Compte tenu de mes fonctions actuelles, je me lève vers 7h15, avec l’aide d’un réveil… Mon rituel du matin, c’est d’abord d’aller préparer le café ou le thé ; ensuite, ce que je fais tout de suite, c’est écouter la radio. J’étais un fidèle de France Inter et puis j’ai un peu changé. Je navigue entre France Culture, RTL et Europe 1, et quelquefois France Info. Voilà ! De toutes façons, des radios d’information, parce que j’ai besoin de savoir ce qui s’est passé la veille et pendant la nuit. C’est vrai qu’une des premières choses que j’aime, c’est ce que racontent les chroniqueurs que j’apprécie, les petites informations rigolotes du matin, et puis la perspective de la journée…
Pourquoi tu te lèves ? Why do you get up ?
Je me lève comme tout le monde parce qu’il faut se lever le matin pour aller travailler ! Mais si c’est une question plus philosophique, j’aimerais pouvoir dire que je me lève pour accomplir une « volonté supérieure ». Moi, je suis catholique pratiquant occasionnellement, extrêmement heureux d’aller à la messe quand j’en ai l’occasion ; ça me fait beaucoup de bien. J’ai la nostalgie du temps où je me levais pour aller à la messe, ce qui était le cas quand j’avais 20 ans, où je commençais ma journée en allant prier et communier, et mettre ma journée sous le regard de Dieu… et j’aimerais pouvoir dire qu’aujourd’hui, c’est aussi ce que je fais… De temps en temps, je me dis que ce serait bien d’avoir l’idée justement de se lever pour accomplir quelque chose, ou être à la disposition de quelqu’un, mais ce n’est pas tout à fait le cas ! Aujourd’hui, je dirais que ce qui me motive, c’est une forme de désir. Je me lève bien le matin si j’ai du désir. Le désir de vivre, le désir d’aimer, le désir de séduire - ce qui n’est pas forcément la même chose - le désir de bien faire mon travail… pour moi c’est vraiment très important, voire fondamental.
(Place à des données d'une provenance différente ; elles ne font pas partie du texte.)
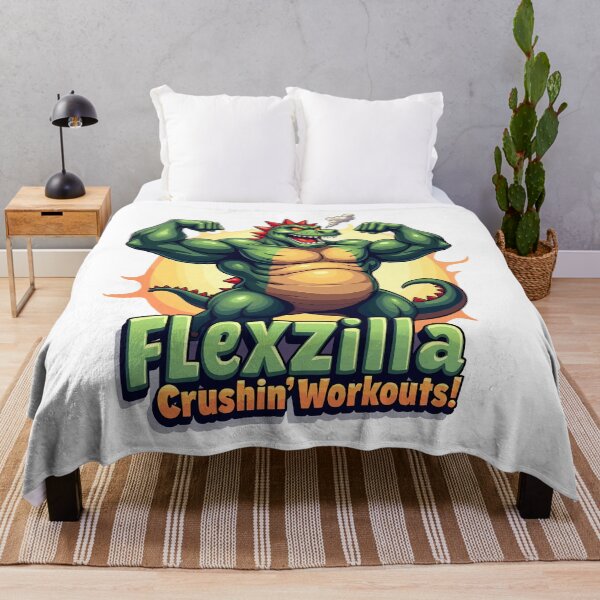 Item preview, Flexzilla – Crushin’ Workouts Like a Beast! designed and sold by BeamiCreations.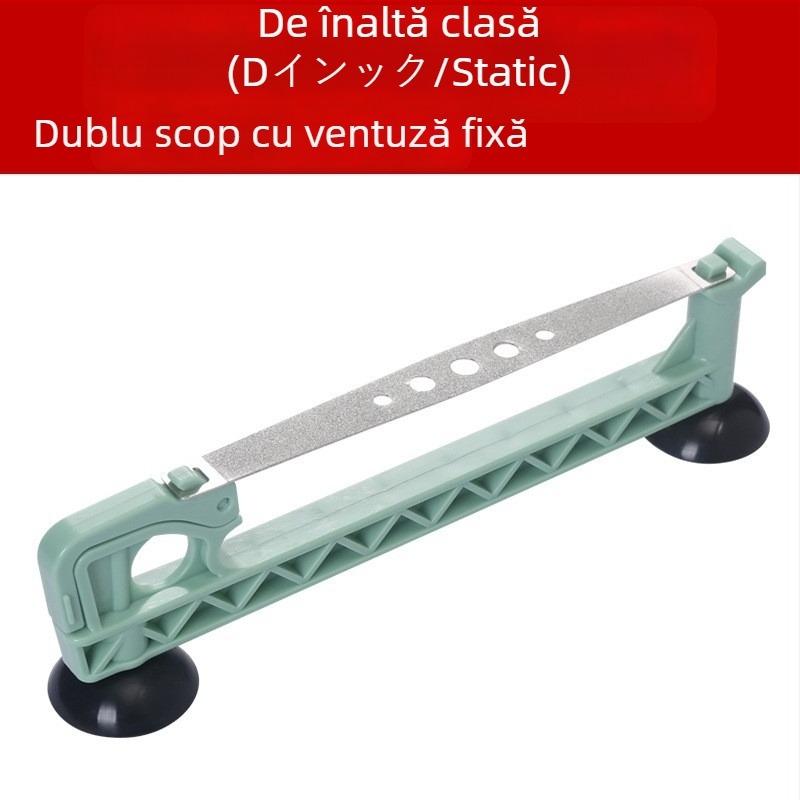Piatră de ascuțit cu diamant, design suspendat, pentru uz casnic; material: diamant.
J’aime faire mon travail, donc la première chose que je pense quand je me réveille, ce n’est malheureusement pas au Seigneur, c’est : « Quelle est ma journée, quel est mon menu, qu’est-ce qui va se passer … Bonne, mauvaise journée ; dure, pas dure… Qu’est-ce qui est élément de désir dans tout ça… ». Le désir de bien faire, le désir de me motiver pour réussir quelque chose… Est-ce que je vais réussir à tenir un bon conseil d’administration, donner une bonne interview, faire une belle rencontre, présider une réunion avec l’encadrement de la Cité… est-ce que je vais avoir la pêche pour le faire, est-ce que j’ai tout bien en tête… Est-ce que j’ai un dîner sympathique en fin de journée par exemple, est-ce que je vais retrouver la personne que j’aime… Tout ça, je le passe en revue assez vite ! Le ressort qui fait qu’on se lève et qu’on se met en mouvement, c’est vraiment une forme de désir. De désir de vivre ! Mais on pourrait discuter longtemps de ça... Avec la nostalgie de ne pas se situer dans une dimension spirituelle… J’aimerais aussi avoir plus de temps pour les autres… offrir de mon temps gratuitement… pour des causes humaines, sociales, humanitaires, même si la Cité fait beaucoup dans ce sens… Voilà ce qui me motive le matin !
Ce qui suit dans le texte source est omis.